Il fait beau. C'est la belle saison pour les fruits canadiens. Il y a des fraises plein les champs. Les pêches de l'Ontario vont arriver dans les marchés dans quelques jours et l'achat local a le vent dans les voiles. Sous cette apparente lune de miel se cachent des chiffres surprenants : les importations de fruits ont beaucoup augmenté depuis 15 ans alors que la production, elle, diminue.

Les derniers chiffres sur l'alimentation des Canadiens de Statistique Canada feront certainement plaisir aux nutritionnistes, mais moins aux agriculteurs. La consommation de fruits est en hausse. Différentes couleurs, différentes saveurs; l'hiver comme l'été. Mais de plus en plus, ces fruits viennent d'ailleurs. Même en saison.

On comprend lorsqu'il s'agit d'ananas, de figues et de papayes, des fruits de plus en plus populaires Mais des poires? Des pommes?

«À peine 50% des pommes fraîches consommées au Québec viennent du Québec», calcule François Blouin, vice-président de la Fédération des producteurs de pommes du Québec.

La production de pommes a diminué de 16% au Canada en 15 ans. Pour la même période, l'importation a presque doublé. Phénomène d'autant plus frustrant, explique le producteur, que les pommes du Québec sont maintenant pratiquement disponibles à l'année.

Dans le rayon des pommes fraîches, la concurrence vient des États-Unis, mais lorsqu'il s'agit des pommes de transformation, celles qui finissent dans les tartes et autres pâtisseries, les pommes chinoises font la vie dure aux canadiennes. «Je suis dans le domaine depuis 21 ans et le prix des pommes de transformation n'a pas changé», explique François Blouin qui produit aussi des fraises.

Manque de chance, le phénomène est le même dans les champs de fraises. Le Canada a produit 35 040 tonnes de fraises en 1995. L'année dernière, 23 900 tonnes. Pour la même période, les importations ont plus que doublé. Bien sûr, on pense à la fraise californienne au coeur blanc qui est disponible toute l'année. Mais pour la fraise de transformation, les industriels d'ici préfèrent de la fraise chinoise ou péruvienne, beaucoup moins chère.

Question d'étiquette

Les producteurs jettent le blâme, en partie, sur l'étiquetage des aliments. Jusqu'au 31 décembre de cette année, les transformateurs alimentaires peuvent indiquer «produit du Canada» même si, en fait, la matière première vient de l'autre bout du monde. C'est ce qui fait que les consommateurs boivent du jus de pomme de Chine sans le savoir, explique Adrian Huisman, représentant des Producteurs de fruits tendres de l'Ontario. Mais hier, le ministre de l'Agriculture du Canada a confirmé un changement de réglementation annoncé plus tôt cette année. Un «produit du Canada» en épicerie devra être fait avec des matières premières canadiennes.

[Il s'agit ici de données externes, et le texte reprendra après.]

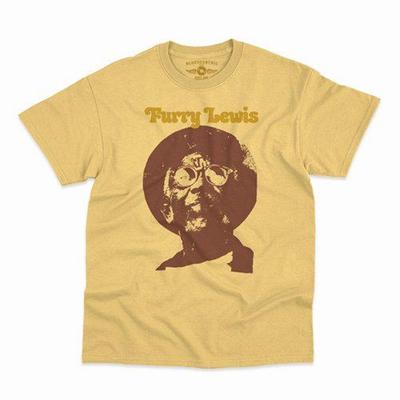 Old School Furry Lewis T-Shirt and Kids Tshirt - Classic Heavy Cotton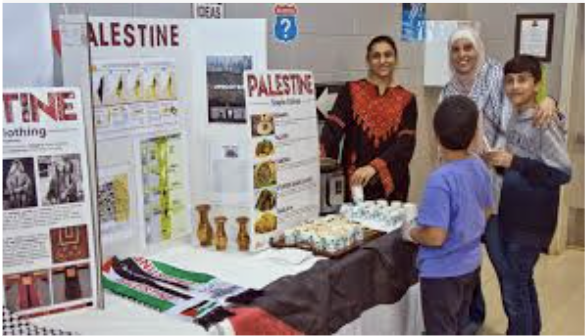 Heritage night display on Palestine filled with anti-Israel propaganda (April 2025)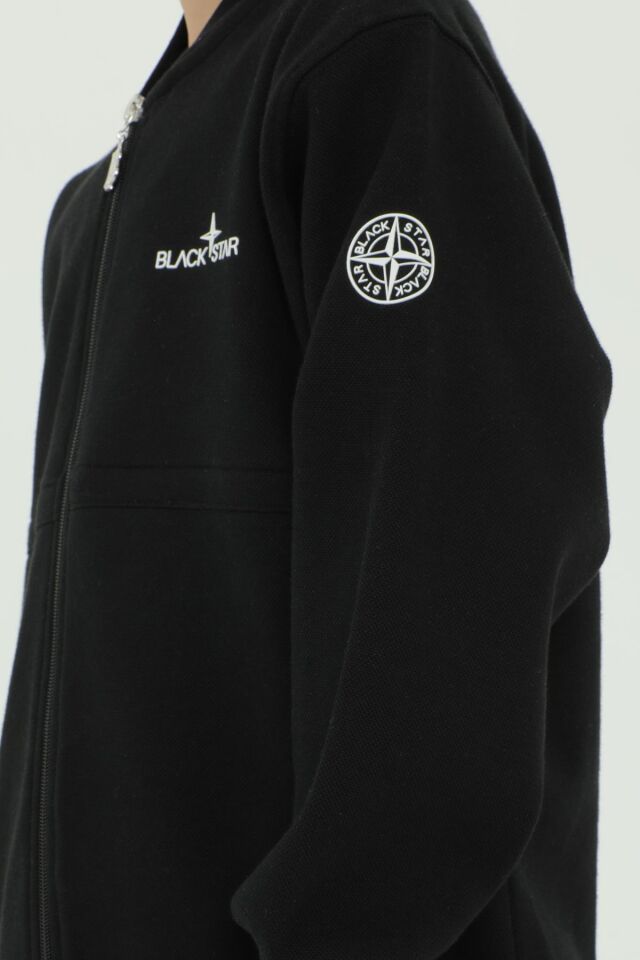 Bisiklet Yaka Erkek Çocuk T-Shırt Baskı Detaylı 3 Lü Eşofman Takımı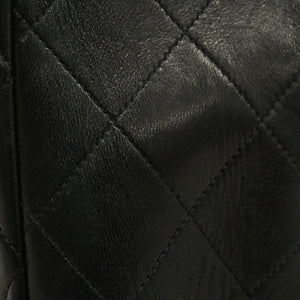CHANEL Matelasse Big Matelasse W Chain Women's Leather Shoulder Bag Black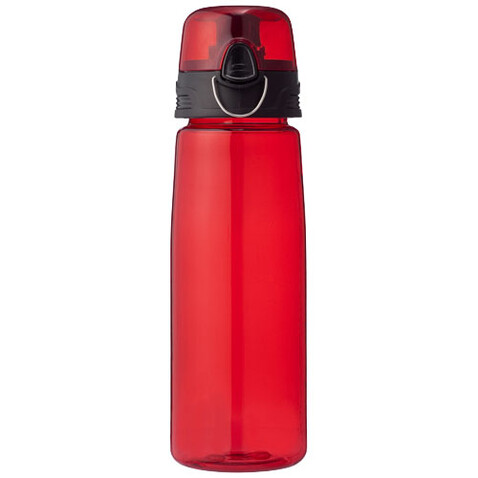 Capri 700 ml Tritan™ Sportflasche, transparent rot bedrucken, Art.-Nr. 10031302 Capri 700 ml Tritan™ Sportflasche, transparent rot bedrucken, Art.-Nr. 10031302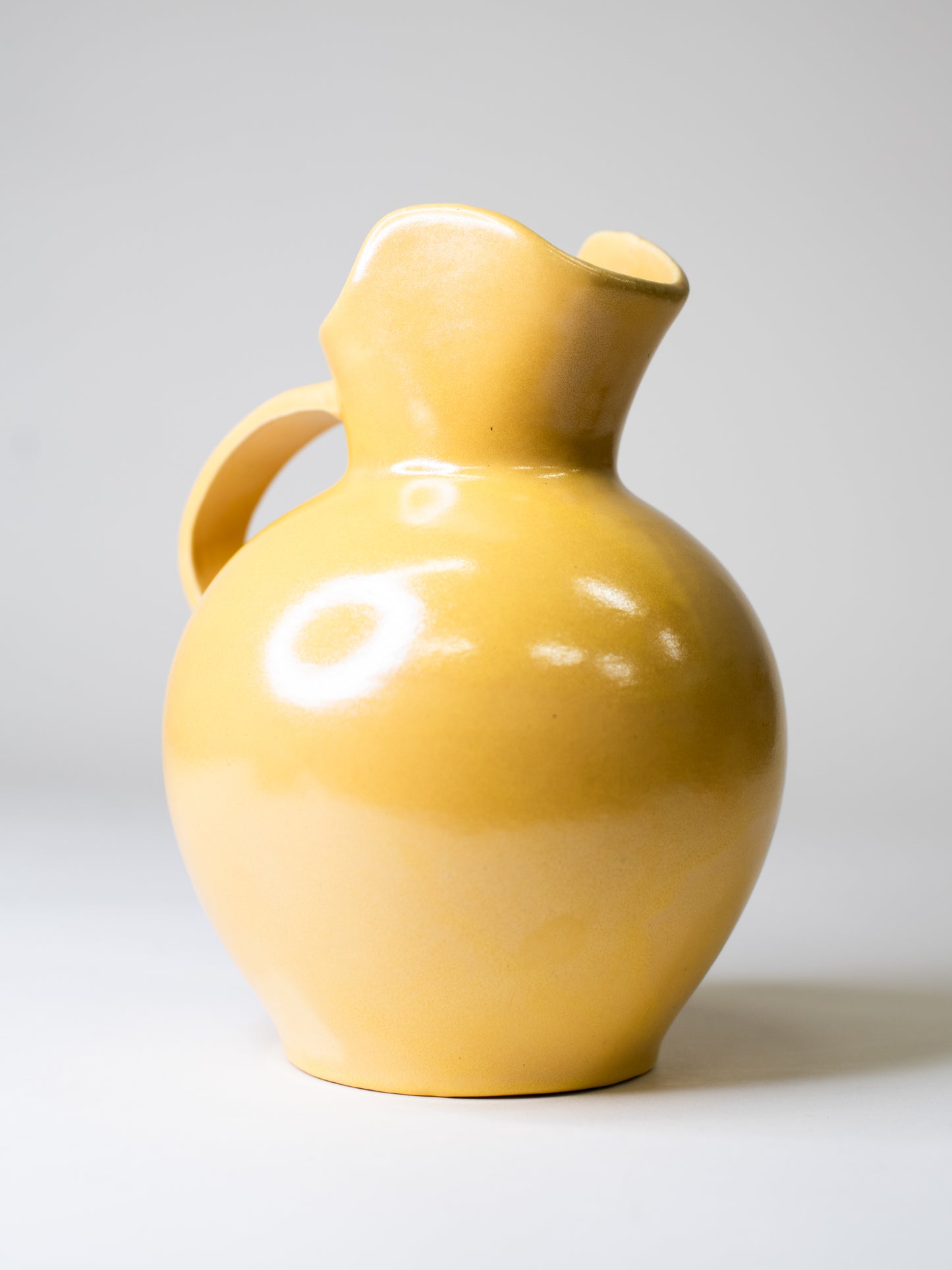 Vintage Modernist Ceramic Jug by Kupittaan savi - Finland, Mid-Century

«C'est une très bonne nouvelle», indique Adrian Huisman. Car le reste du Canada fruitier vit aussi avec la concurrence étrangère. Dans la péninsule du Niagara, la saison des pêches commence cette semaine, celle des poires, un peu plus tard. Dans un cas comme dans l'autre, la production baisse alors que l'importation augmente, malgré l'excellente réputation des fruits ontariens.

M. Huisman explique que ces statistiques aussi sont les conséquences de la transformation qui préfère utiliser des fruits moins chers. La dernière usine de fruits en conserve a fermé ses portes le printemps dernier, en Ontario. Ce qui fait qu'aujourd'hui, si vous achetez des pêches, des poires ou de la salade de fruits en conserve, vous êtes certains qu'il s'agit de fruits importés. «Si vous voulez avoir des pêches du Canada à l'année, il ne vous reste qu'une solution, explique Adrian Huisman. Faites vos conserves vous-mêmes!»

Avec l'annonce du ministre Gerry Ritz, les consommateurs pourront au moins faire des choix en toute connaissance de cause. «Je pense que le gouvernement a répondu aux préoccupations des consommateurs», dit Gilles McDuff, de la Fédération des fruits et légumes de transformation du Québec qui avait mené une bataille pour faire changer cette réglementation, les producteurs de légumes étant aussi pris avec une féroce compétition des produits importés.